The mesoscopic fracture mechanism of rockbursts under gradient stresses

Abstract   

The tangential stress of surrounding rocks is large on tunnel walls. While from tunnel walls to the interior of surrounding rocks, the tangential stress declines and approaches the in situ stress in a gradient manner. To study the influences of stress gradient on the failure mechanism of rockbursts, a mesoscopic model was established based on the discrete element software particle flow code (PFC). The model was used to simulate rockburst disasters in the loading process of gradient stresses and analyze the failure modes and energy evolution process under different gradient stresses.

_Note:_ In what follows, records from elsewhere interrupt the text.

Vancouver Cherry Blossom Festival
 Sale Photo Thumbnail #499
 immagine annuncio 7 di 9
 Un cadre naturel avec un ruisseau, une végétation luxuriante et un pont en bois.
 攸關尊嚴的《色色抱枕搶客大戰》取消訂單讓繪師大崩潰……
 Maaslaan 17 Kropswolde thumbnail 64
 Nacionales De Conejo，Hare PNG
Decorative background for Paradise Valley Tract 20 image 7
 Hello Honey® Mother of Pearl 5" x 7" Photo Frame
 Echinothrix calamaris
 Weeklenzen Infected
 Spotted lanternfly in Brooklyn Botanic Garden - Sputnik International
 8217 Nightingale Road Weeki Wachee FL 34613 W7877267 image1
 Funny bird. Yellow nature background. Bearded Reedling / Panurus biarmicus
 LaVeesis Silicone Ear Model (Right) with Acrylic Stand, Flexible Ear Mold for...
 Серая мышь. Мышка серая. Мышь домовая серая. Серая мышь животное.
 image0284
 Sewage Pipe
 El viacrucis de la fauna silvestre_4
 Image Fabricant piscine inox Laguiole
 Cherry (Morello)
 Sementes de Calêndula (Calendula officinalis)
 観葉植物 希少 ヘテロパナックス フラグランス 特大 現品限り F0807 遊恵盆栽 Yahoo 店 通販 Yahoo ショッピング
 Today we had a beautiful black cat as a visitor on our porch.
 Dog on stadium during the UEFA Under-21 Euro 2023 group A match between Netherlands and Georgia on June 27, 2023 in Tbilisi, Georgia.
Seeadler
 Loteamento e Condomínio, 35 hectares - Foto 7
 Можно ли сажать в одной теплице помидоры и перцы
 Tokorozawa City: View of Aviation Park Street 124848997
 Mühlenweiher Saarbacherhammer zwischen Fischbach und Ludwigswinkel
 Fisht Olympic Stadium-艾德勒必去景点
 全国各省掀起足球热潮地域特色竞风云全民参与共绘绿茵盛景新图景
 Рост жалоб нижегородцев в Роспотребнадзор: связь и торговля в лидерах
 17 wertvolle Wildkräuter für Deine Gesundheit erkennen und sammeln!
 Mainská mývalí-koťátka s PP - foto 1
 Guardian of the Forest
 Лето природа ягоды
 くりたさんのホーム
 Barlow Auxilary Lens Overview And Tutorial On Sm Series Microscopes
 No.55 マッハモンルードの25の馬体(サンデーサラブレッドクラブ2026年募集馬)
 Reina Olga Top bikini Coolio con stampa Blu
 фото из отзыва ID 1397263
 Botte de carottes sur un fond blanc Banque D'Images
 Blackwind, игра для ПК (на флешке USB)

Using the PFC platform, an acoustic emission (AE)–based simulation method at the mesoscopic scale was proposed according to the moment tensor theory to explore features of AE events, including the spatio-temporal distribution and fracture strength of the model during rockbursts. By analyzing the failure process, the increase in the applied stress gradient is found to accelerate the deterioration process of materials and promotes samples to fracture rapidly along dominant main cracks. The number of derivative cracks and the total number of cracks are significantly reduced, and the model shows a change from tensile failure to shear failure. As the applied stress gradient grows, the proportion of elastic energy storage in the model increases before a rockburst, and the rate of release of energy rises accordingly during the rockburst. The AE count at fracture points on the unloading face of the model is normally distributed with changes in the strength M, and the overall AE intensity is enhanced as the gradient increases.